I don’t believe that there is one magical approach that will capture all problems. As a result, we need to have defense in depth. We need to have multiple gates through this pipeline which should gradually filter out all issues. The more gates you have, the higher probability that in the end, you will have fewer issues.

The gates that catch problems earlier in the process are better because it is cheaper to fix them earlier. Automated gates are better than manual ones. Blocking Gates that prevent you from moving to the next stage is more efficient than gates that sit on the side. Gates which catch a higher percentage of problems are better too.

Ok. All of the above is a very generic/vague description useful for a theoretical book about quality. However, it is useless without specifics.

Let me get down to the real stuff applicable to most of the bread and butter software companies build.

Must have list

start as early as possible

It’s better to add these gates as early as possible. It’s much better to build your process around quality checks than retrofit these checks into the existent process. NIST did classic research to show that catching bugs at the beginning of the development process could be more than ten times cheaper than if a bug reaches production. If you start catching bugs early, it will save you tons of time fixing them later.

Design review

It’s a very powerful tool when used in a good way. It sits at the very beginning of the process before the code is written and can save an immense amount of time down the road (of somebody spending tons of time just to get to a dead-end). It really helps to talk through the problem, the solution, alternative ideas, corner cases, and so on. I really like what one of the smartest people with whom I worked said: “A good design is a design where you can see the code”. It’s like working with the code without writing it.

Unfortunately, I know multiple very senior engineers who really like to go with “fire, aim, ready” approach. Let’s put together a prototype (even before thinking about different alternatives), let’s call this prototype an alpha version, and fix bugs and limitations in it for the years to come. Saving several hours preparing and doing a design review will cost hundreds (if not thousands of hours) of fixing issues down the road.

unit tests

I don’t believe that I have to say that in 2021, but I have never seen a quality product without unit tests. Period. There are so many benefits. It helps to prove that your code does what it should do, unit tests removes all simple problems. They help to get rid of a lot of flaky behavior and this list goes way beyond catching bugs. Yeah. It’s not a silver bullet, but it can easily catch a very high percentage of all your bugs.

code review

Again, nothing new here. Somebody looking at your code and saying “WTF?” is a great way to see where your code is over complex/brittle/doesn’t handle some scenarios. Important note. As with any non-automatic checks, you get as much from it as you invest (rubber stamping PR won’t add any value).

Monitoring

We (humans) are terrible at imagining all possible permutations of the system with billions and billions of possible states. All of our testing (both unit tests and integration tests cover a tiny sliver of all states). And, unfortunately, the only place where you can see everything that can happen is the production.

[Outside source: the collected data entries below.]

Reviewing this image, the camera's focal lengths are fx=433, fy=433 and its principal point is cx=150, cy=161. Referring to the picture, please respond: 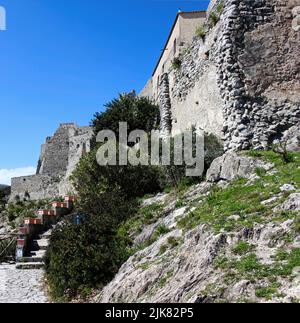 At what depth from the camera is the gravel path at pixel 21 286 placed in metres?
9.93

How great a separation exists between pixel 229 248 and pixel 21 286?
7064 millimetres

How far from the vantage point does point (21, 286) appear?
11367 millimetres

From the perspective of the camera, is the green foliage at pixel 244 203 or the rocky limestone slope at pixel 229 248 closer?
the rocky limestone slope at pixel 229 248

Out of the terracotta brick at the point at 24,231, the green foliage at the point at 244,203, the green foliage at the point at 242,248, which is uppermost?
the green foliage at the point at 244,203

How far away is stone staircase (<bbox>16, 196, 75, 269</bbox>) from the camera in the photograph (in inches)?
591

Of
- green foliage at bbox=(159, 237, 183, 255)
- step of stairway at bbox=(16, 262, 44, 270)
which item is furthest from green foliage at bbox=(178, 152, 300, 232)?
step of stairway at bbox=(16, 262, 44, 270)

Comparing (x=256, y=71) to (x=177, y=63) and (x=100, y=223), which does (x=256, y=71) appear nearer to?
(x=100, y=223)


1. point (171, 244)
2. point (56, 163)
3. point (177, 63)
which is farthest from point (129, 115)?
point (56, 163)

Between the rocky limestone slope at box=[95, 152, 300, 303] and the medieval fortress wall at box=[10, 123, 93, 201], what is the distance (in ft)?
101

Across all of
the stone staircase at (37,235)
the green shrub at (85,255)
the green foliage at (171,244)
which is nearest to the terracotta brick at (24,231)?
the stone staircase at (37,235)

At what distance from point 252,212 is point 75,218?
6835 millimetres

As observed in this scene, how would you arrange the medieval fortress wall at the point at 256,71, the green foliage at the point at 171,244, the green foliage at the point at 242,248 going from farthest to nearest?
the medieval fortress wall at the point at 256,71, the green foliage at the point at 171,244, the green foliage at the point at 242,248

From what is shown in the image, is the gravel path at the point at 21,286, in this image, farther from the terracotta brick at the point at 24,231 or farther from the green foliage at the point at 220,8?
the green foliage at the point at 220,8

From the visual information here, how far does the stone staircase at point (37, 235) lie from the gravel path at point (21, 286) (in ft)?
2.12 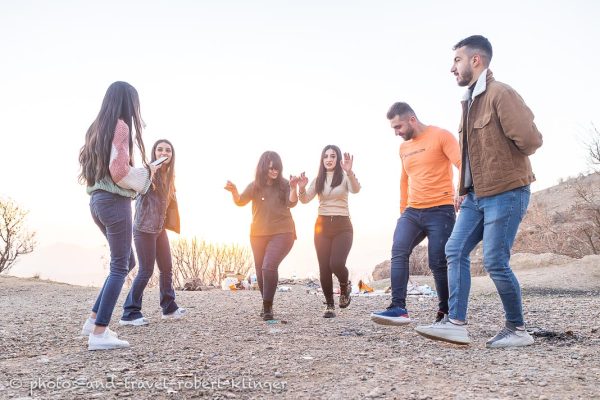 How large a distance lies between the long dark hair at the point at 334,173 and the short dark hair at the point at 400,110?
1.42 meters

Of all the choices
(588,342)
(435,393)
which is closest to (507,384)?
(435,393)

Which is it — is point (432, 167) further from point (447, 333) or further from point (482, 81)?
point (447, 333)

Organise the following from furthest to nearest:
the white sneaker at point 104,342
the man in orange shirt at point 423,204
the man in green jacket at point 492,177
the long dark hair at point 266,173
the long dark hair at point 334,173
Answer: the long dark hair at point 334,173 < the long dark hair at point 266,173 < the man in orange shirt at point 423,204 < the white sneaker at point 104,342 < the man in green jacket at point 492,177

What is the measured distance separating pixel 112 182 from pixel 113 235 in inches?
17.2

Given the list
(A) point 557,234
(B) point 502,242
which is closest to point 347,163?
(B) point 502,242

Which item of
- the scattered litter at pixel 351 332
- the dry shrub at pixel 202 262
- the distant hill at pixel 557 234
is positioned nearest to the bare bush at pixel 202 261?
the dry shrub at pixel 202 262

It’s incredible how many people entirely ignore it. You may think that you know how the system works. In the best case, you know only how the system was designed to work. Many more complex and subtle problems emerge only in production and could be caught via monitoring/alerting/analysis.

This is probably the newest addition to my list. Like everything else on this list, I had to learn it the hard way. After several outages which could have been prevented by trivial monitoring/alerting/analysis, you start treating your monitoring as a first-class citizen.

manual testing

Yeap. I said it. We live in a time when everybody is irked by manual testing. I tend to agree that you don’t want to spend tons of time doing only manual testing. However, it’s a must-have for most products to work well. Automation testing catches predicted problems but is almost useless for unpredicted issues.

There were so many times when one of the best QA person who I worked with came to me saying something like: “I don’t know. It works, but there is something funky in there”. This sentence is not a binary result of tests, and if it was reported by some automated tool, people would easily ignore it as a false positive. However, as soon as I hear it from this QA person, it raises a huge red flag.

root cause

You don’t need to analyze each tiny bug. However, as soon as you have some severe bugs escaping, you need to figure out whether you need to beef up one of the gates (which should have caught it) or whether you need to introduce additional gates to detect such types of bugs.

Nice to have

the static code analysis tool (and similar tools)

Their efficiency depends a lot on the language and a tool. The beauty of it is that it’s completely automatic and, as a result, very cheap. There are some languages (like C++) where this should be on the must-have list. Other languages may be harder to handle with such tools.

end-to-end (integration) test

Some level of integration tests is helpful to see that your system works as a whole. However, It’s useful as a seasoning for unit tests and not as a main dish.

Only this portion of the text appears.